▶ [AIM OF THE TASK]:
What lines in the records below include the word "show"? Return each one.

Brief descriptive captions

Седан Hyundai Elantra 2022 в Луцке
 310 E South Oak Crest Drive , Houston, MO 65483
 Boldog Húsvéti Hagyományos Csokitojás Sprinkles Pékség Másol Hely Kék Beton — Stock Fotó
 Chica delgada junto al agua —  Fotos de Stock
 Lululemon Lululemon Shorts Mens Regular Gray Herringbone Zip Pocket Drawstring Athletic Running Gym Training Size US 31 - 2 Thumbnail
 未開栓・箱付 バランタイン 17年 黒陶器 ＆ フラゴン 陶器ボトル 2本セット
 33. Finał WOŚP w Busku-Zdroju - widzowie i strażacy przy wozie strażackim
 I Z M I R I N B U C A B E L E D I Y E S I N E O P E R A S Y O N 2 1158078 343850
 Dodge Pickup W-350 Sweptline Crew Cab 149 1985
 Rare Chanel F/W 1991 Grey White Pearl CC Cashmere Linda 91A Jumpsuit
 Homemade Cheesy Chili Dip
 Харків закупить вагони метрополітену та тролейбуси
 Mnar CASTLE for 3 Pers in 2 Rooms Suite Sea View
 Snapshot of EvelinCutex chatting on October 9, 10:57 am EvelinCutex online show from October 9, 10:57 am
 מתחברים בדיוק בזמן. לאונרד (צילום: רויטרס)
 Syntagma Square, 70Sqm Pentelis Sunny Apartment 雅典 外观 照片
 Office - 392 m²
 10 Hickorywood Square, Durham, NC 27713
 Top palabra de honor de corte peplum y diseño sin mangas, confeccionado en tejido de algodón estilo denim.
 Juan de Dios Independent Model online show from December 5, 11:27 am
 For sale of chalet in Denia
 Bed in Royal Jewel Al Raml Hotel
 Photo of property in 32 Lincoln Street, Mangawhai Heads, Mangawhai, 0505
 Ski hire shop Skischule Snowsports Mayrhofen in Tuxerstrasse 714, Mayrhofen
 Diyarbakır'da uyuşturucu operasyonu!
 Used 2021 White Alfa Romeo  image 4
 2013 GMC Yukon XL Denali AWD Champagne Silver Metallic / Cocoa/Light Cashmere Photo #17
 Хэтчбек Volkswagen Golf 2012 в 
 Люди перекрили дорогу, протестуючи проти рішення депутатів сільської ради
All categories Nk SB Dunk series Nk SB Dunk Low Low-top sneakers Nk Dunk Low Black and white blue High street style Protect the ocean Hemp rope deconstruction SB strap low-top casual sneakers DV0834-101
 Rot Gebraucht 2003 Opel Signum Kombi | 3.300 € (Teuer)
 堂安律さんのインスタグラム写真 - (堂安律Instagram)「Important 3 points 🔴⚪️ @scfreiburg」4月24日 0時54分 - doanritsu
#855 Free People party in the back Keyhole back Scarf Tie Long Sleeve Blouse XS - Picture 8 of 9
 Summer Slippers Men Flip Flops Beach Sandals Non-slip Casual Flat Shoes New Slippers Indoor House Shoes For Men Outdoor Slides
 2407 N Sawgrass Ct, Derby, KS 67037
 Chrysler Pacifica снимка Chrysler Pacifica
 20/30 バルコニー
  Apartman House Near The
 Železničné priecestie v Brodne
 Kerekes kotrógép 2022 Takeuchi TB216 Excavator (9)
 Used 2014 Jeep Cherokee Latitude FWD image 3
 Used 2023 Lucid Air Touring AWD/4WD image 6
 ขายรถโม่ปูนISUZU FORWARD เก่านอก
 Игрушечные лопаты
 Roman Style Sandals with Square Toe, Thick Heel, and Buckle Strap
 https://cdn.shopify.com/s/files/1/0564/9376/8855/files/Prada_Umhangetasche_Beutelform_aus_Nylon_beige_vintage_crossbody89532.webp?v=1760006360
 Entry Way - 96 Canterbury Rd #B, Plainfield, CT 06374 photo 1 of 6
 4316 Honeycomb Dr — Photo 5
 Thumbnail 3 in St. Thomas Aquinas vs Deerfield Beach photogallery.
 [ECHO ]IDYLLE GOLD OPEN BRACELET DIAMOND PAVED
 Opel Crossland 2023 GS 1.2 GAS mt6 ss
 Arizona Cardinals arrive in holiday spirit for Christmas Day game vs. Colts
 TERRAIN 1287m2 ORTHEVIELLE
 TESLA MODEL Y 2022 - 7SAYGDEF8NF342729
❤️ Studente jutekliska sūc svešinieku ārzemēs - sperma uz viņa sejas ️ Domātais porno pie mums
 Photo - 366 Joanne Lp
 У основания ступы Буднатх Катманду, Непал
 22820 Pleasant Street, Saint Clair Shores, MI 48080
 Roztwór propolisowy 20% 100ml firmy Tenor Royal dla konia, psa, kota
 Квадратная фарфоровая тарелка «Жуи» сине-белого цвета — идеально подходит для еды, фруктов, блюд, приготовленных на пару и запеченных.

▶ [COMPLETED TASK]:
 Snapshot of EvelinCutex chatting on October 9, 10:57 am EvelinCutex online show from October 9, 10:57 am
 Juan de Dios Independent Model online show from December 5, 11:27 am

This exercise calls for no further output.